Technical Investigation Reveals Central Role of AP2A1 in Aging
During aging, cells increase in size, lose functionality, and enter into cell senescence, a state in which they stop dividing but remain active in the organism.
According to Pirawan Chantachotikul, the author of the study, senescent cells exhibit thicker stress fibers than young cells.
These structures contribute to the increase in cell size and loss of mobility.
In the 2024 scientific article, the team reported finding higher levels of the protein AP2A1 in these aged cells.
The researchers associate this elevated concentration with cellular stiffening and maintenance of the senescent state.
Moreover, the accumulation of senescent cells in the organism is related to diseases such as osteoporosis, cardiovascular diseases, some types of cancer, and neurodegenerative disorders, as described in the study.
Blocking the Protein Reverses Characteristics of Cell Aging
In laboratory tests, scientists directly adjusted the expression of AP2A1 in different types of human cells.
When they deactivated the protein in aged cells, those cells began to divide again and reduced in size.
According to Shinji Deguchi, co-author of the research, the suppression of AP2A1 reversed senescence and stimulated cell renewal.
On the other hand, when researchers increased the amount of the protein in young cells, cellular aging accelerated.
This result reinforces the regulatory role of AP2A1 in controlling the functional age of cells.
Combination with IU1 Reduces Biological Markers of Aging
In addition to blocking the protein, the team applied the compound IU1, a substance that helps remove damaged proteins within cells.
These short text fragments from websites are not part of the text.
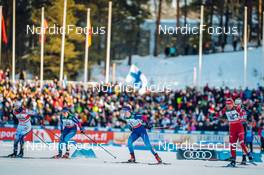 26.02.2022, Lahti Finland (FIN): Maja Dahlqvist (SWE), Laurien Van Der Graaff (SUI), Nadine Faehndrich (SUI), Victoria Carl (GER), Tatiana Sorina (RUS), (l-r)  - FIS world cup cross-country, individual sprint, Lahti (FIN). www.nordicfocus.com. © Modica/NordicFocus. Every downloaded picture is fee-liable.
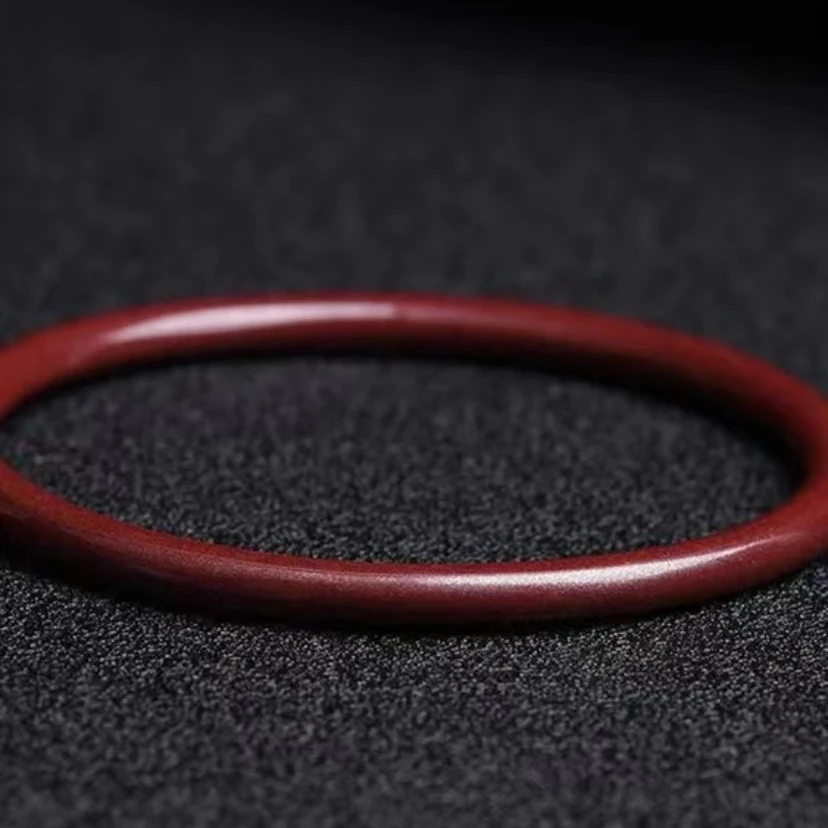 天然辰砂天然辰砂朱砂 辰砂高含量紫金砂 叮当镯5.5mm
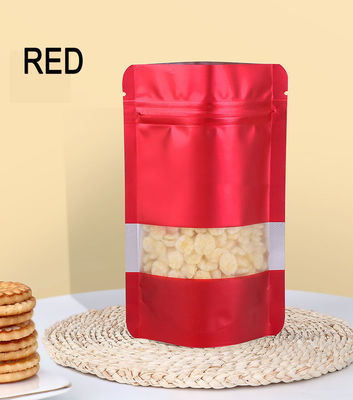 Pacote Ziplock de acabamento fosco para frutas secas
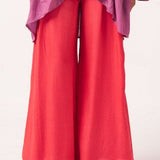 Elvyna Red Shimmer Trouser - Western Era trousers for women
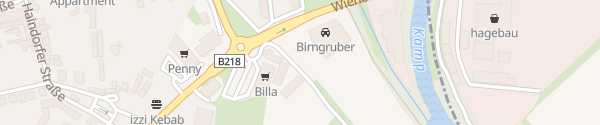 Karte Autohaus Birngruber Langenlois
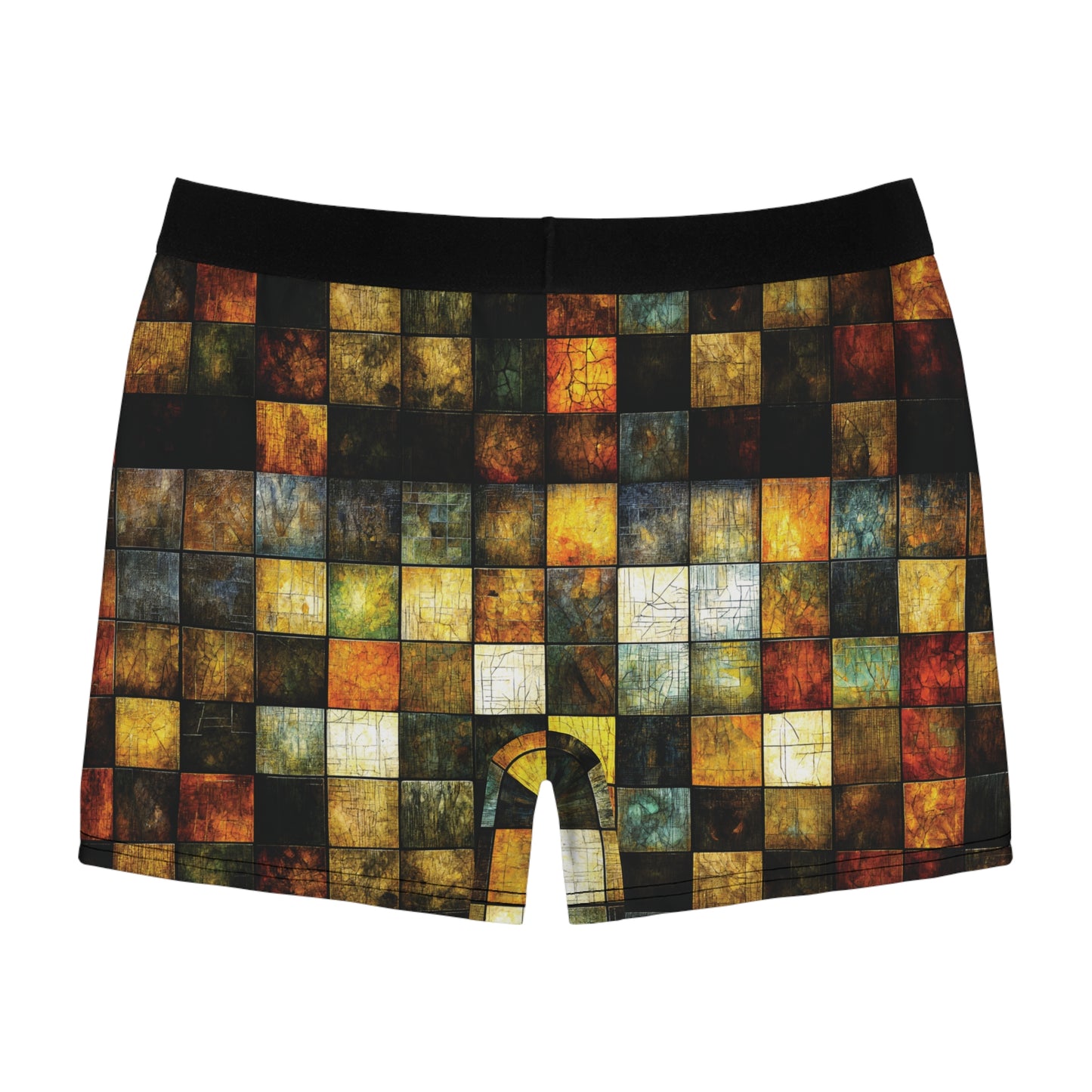 "Wood Block Pattern" #01, Men's Boxer Briefs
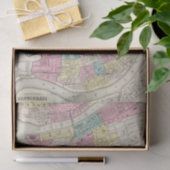 Papier Mousseline Les villes de Pittsburgh Allegheny Cincinnati (Cadeau)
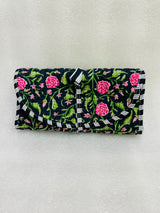 Handcrafted Travel Jewelry Organizer Roll | Artisan Fabric Jewelry Pouch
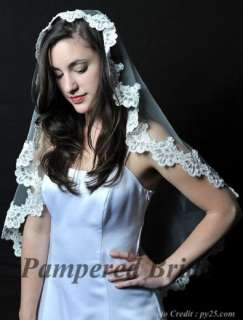 This veil can be secured with bobby pins on your hair do. We will 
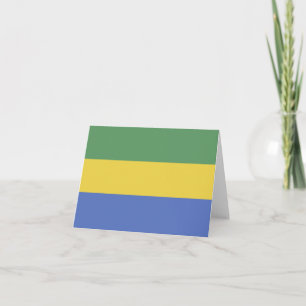 Gabon flagga anteckningskort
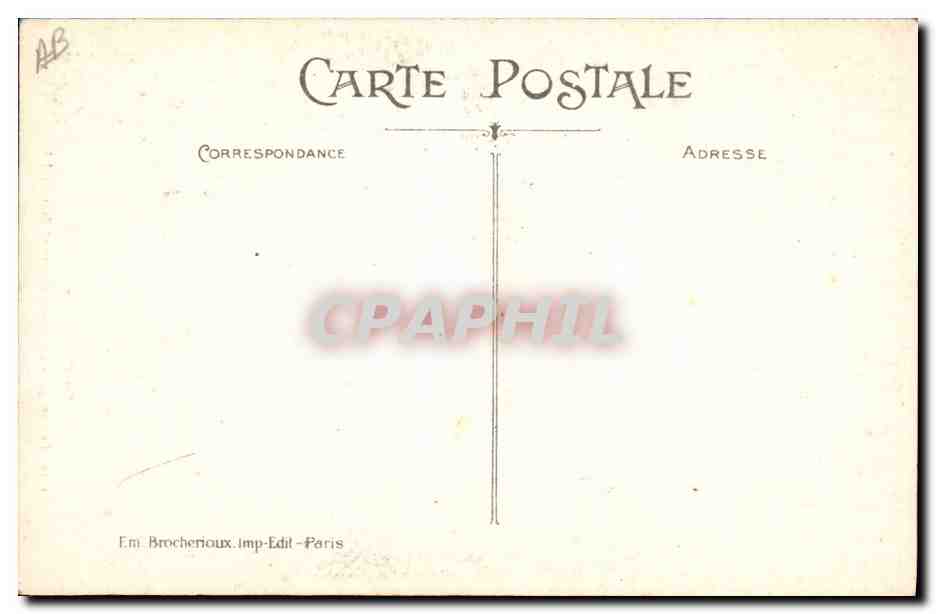 CPA Folklore Normandie Le bon gars Normand revenant du marche — Verso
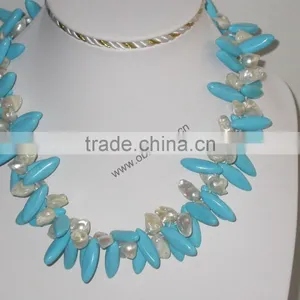 Blue Turquise Necklaces thumbnail-1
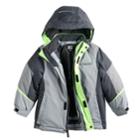 Boys 4-7 Zeroxposur 3-in-1 Archie System Heavyweight Hooded Jacket, Size: Medium, Silver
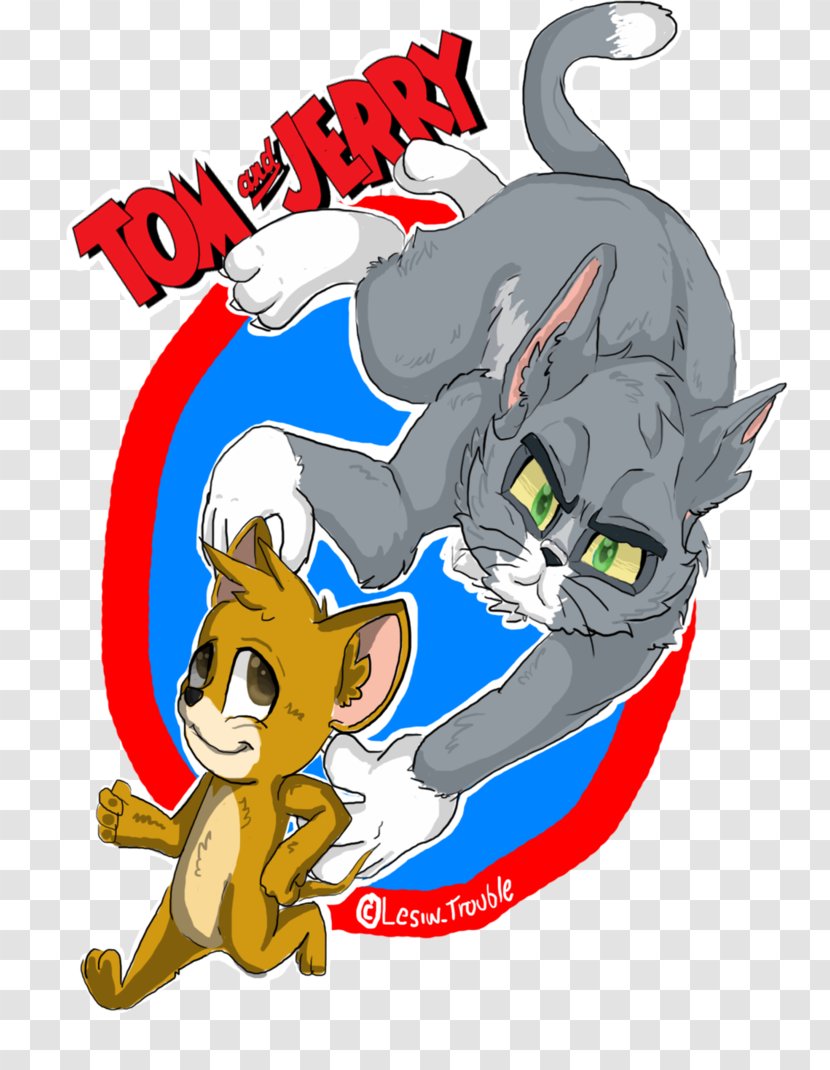 Cat Illustration Fan Art Tom And Jerry Cartoon - Carnivoran Transparent PNG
This process acts as a type of “molecular cleaning.”
When they combined the blocking of AP2A1 with the use of IU1, scientists recorded measurable reductions in biological markers of aging.
The data indicates a partial reversal of the so-called cellular biological clock in a controlled environment.
Potential Impacts for Regenerative Medicine
Although the tests have only occurred in the laboratory, the authors highlight the potential of the discovery for regenerative medicine.
If future studies confirm safety and efficacy in more complex organisms, science may develop strategies to prevent diseases associated with aging even before the first symptoms.
Intervening directly in cellular mechanisms represents an important advance in understanding human aging.
Still, the team from Osaka University emphasizes that the research remains in its early stages.
New studies will need to confirm these results before any clinical application.
In light of this scenario, the discovery of the protein AP2A1 raises an inevitable question: Are We Facing a New Chapter in the Pursuit of Greater Human Longevity?